На дороге - [27]
– Что все это означает?
– Я просто пробовал дверь. Я думал, что это… э-э… кладовка. Я искал половую тряпку.
– В каком смысле – «искал тряпку»?
– Ну… это…
Тут я вышел вперед и сказал:
– Там наверху в коридоре кого-то стошнило. Нам надо подтереть.
– Это не кладовка, и здесь нет никаких тряпок. Это моя комната. Еще одно такое происшествие – и я назначу вам, парни, служебное расследование, и вас вышвырнут. Вы меня поняли?
– Наверху кого-то стошнило, – повторил я.
– Кладовка – в том конце коридора. Вон там. – И он показал пальцем, подождал, пока мы туда сходим, принесем тряпку, что мы и сделали, и, как идиоты, потащили ее наверх.
Я сказал:
– Черт бы тебя побрал Реми, из-за тебя мы всегда впутываемся в истории. Чего тебе спокойно не сидится? Зачем обязательно что-то красть?
– Мир мне кой-чего задолжал – вот и все. Старого маэстро новой песне не научишь. А если ты будешь со мной и дальше в таком духе разговаривать, то я начну и тебя звать Достаёвским.

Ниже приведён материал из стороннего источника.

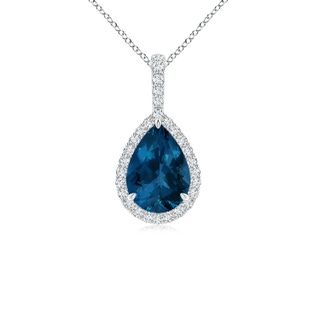 Pear AAA London Blue Topaz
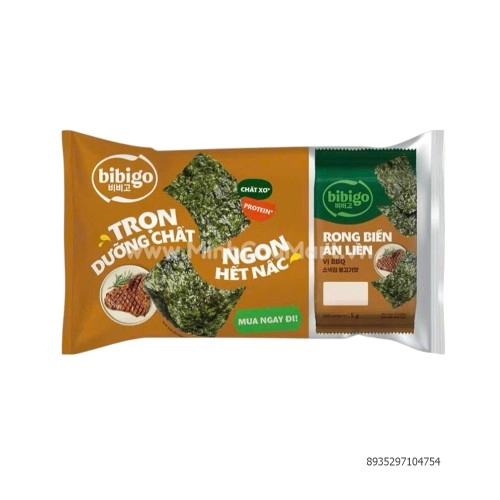 Rong biển ăn liền trọn dưỡng chất Bibigo lốc 3 gói Rong biển ăn liền trọn dưỡng chất Bibigo lốc 3 gói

Реми был совсем как дитя малое. Где-то в прошлом, в его одиноком школьном детстве во Франции у него всё отбирали: приемные родители просто запихивали его в разные школы и оставляли там; в школе ему обычно сильно стучали по башке и выбрасывали в другую школу; по ночам он бродил по французским дорогам и изобретал проклятья из своего невинного словарного запаса. Теперь он мог, наконец, оторваться на том, чего был лишен, а утратам его не было предела; все это обречено было тянуться вечно.
Поживой нам служил кафетерий при всех этих бараках. Мы озирались, не смотрит ли кто, а в особенности – не рыщут ли где наши полицейские друзья, проверяя нас; затем я пригибался, Реми ставил ноги мне на плечи – и вот он уже наверху. Он открывал окно, которое никогда не запиралось, поскольку он сам обеспечивал это по вечерам, пролезал внутрь и приземлялся на столе для замеса теста. Я был немного проворнее: просто подпрыгивал до окна и залезал сам. Затем мы с ним шли к фонтанчику с газировкой. Здесь, осуществляя свою мечту с самого детства, я снимал крышку с ящика шоколадного мороженого, засовывал туда руку по самое запястье и извлекал наружу целую пригоршню, а потом слизывал. Мы брали стаканчики, набивали их мороженым, поливали сверху шоколадным сиропом, а иногда – и клубничным тоже, потом ходили по всей кухне, открывали холодильники и смотрели, нельзя ли чего прихватить с собою в карманах. Я частенько отдирал кусок ростбифа и заворачивал в салфетку.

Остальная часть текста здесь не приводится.